For many, it has a practical function, with it’s Shoppers Drug Mart, Buy Low, and Liquor Store. For others, it has developed a wierd niche cachet (complete with its own parody Twitter account).
And for some it’s home.
the mall is now closed, go home and think about unrequited love and the people you have disappointed.
— KINGSGATE MALL (@kingsgatemall) March 18, 2014
Earlier tonight, Drex spoke with Vice Magazine freelance writer Lonnie Nadler, who spent 18 consecutive hours there in an effort to understand the weird fascination with the Kingsgate.
“I started to fall in love with it, and I didn’t really know why.

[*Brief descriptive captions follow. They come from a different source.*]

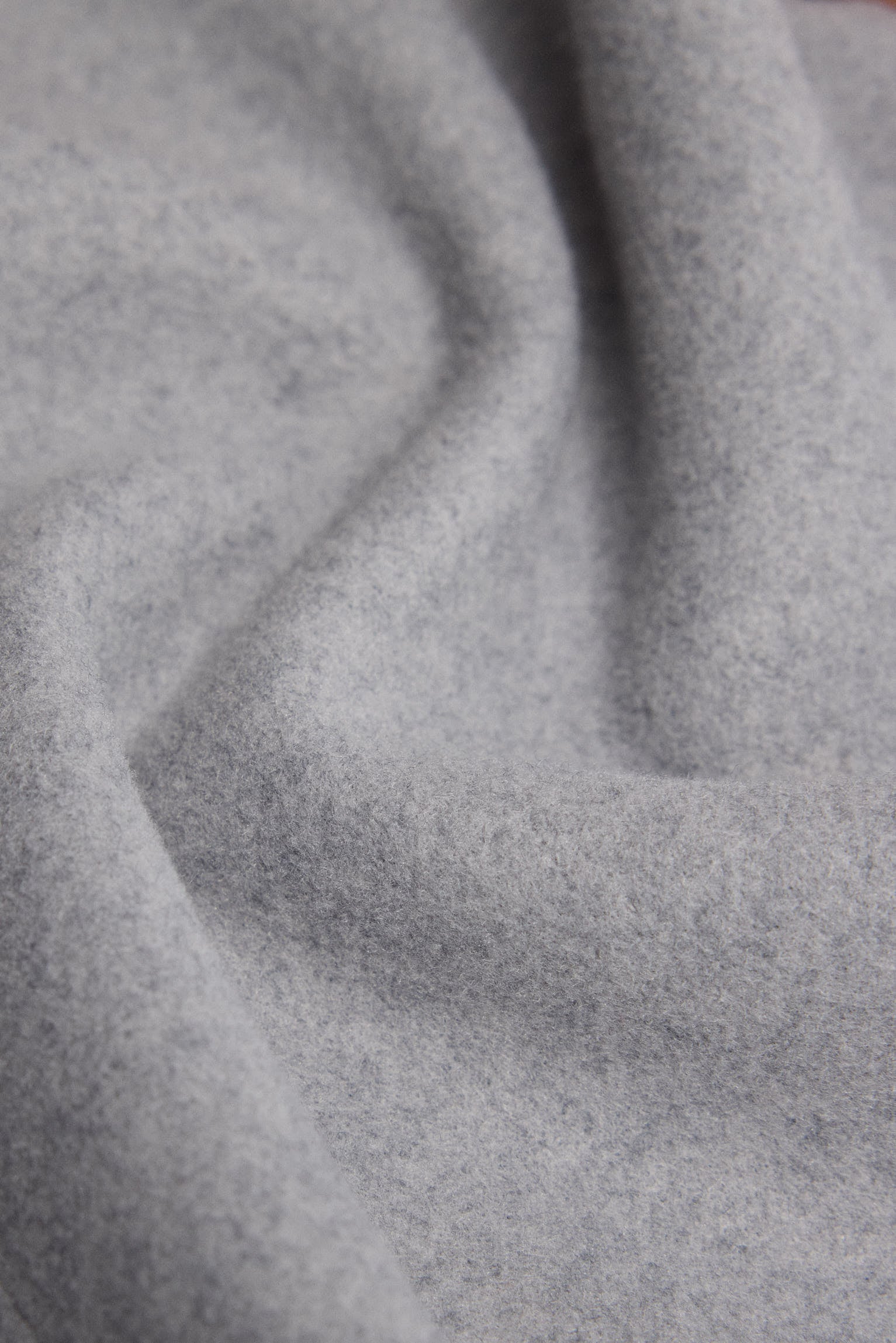 Pantalón cálido slim fit con estructura gris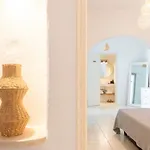 Cybele Tinos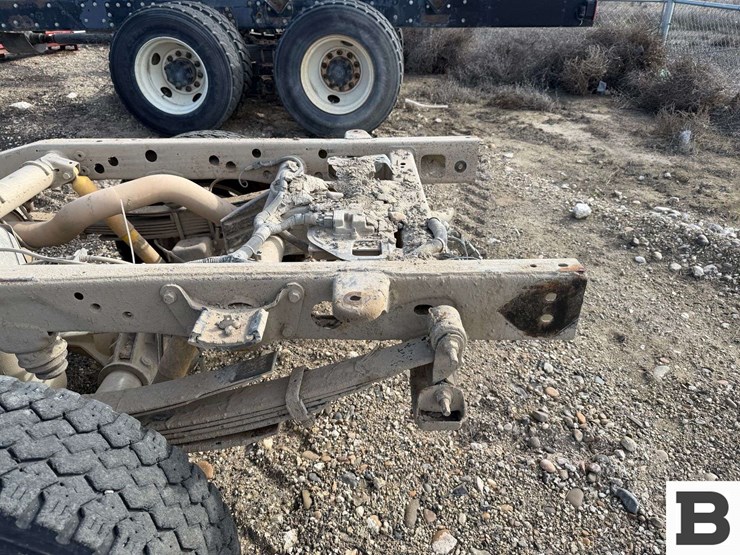 2018-chevrolet-silverado-3500-image-16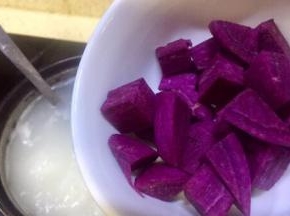 水开后，放入紫薯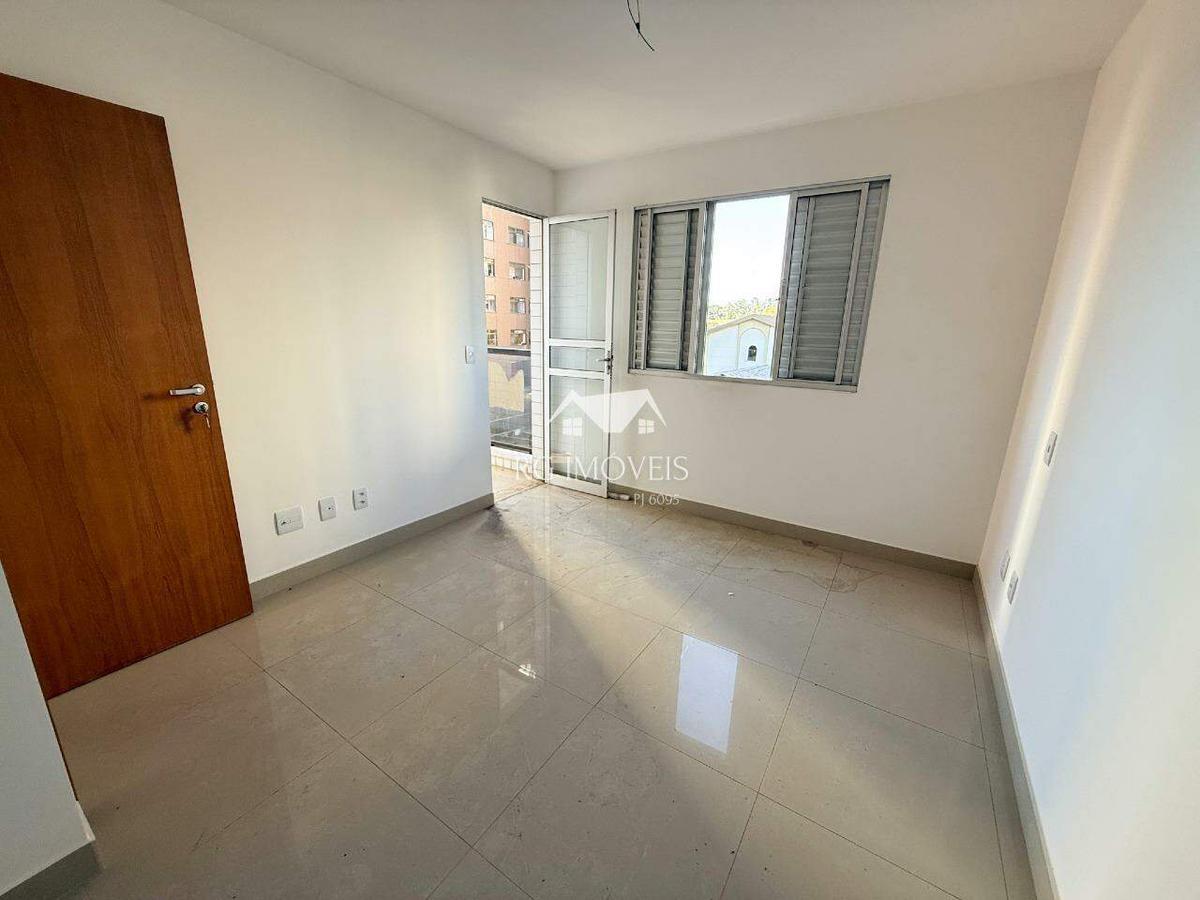 Apartamento, Barreiro, 3 Quartos, 2 Vagas, 1 Suíte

There was just this sort of air of mystery, and this strangeness that I’d never felt before. It’s a place that I would talk about to my friends on a regular basis. It got to be a real obsession.”
Nadler says part of what makes the Kingsgate mall so unique is that it seems to exist outside of time. That while malls have become more consumerist, it has retained a unique, but unpretentious identity.
“I realized what I really loved is because this place is so resistant to change, it has this sort of fragmented identity that allows all of this motley crew of people to coexist in this one of space, and none of them feel like they’re outsiders.”
He says that mixture that kept him coming back every day for three years is what inspired him to write the piece.
WATCH: Tribute to Kingsgate Mall
A place as a story
Nadler says part of what makes Kingsgate unique is the people and the characters in it. He says when he decided to write the piece, it helped for him to draw on his background as a fiction writer to paint the picture.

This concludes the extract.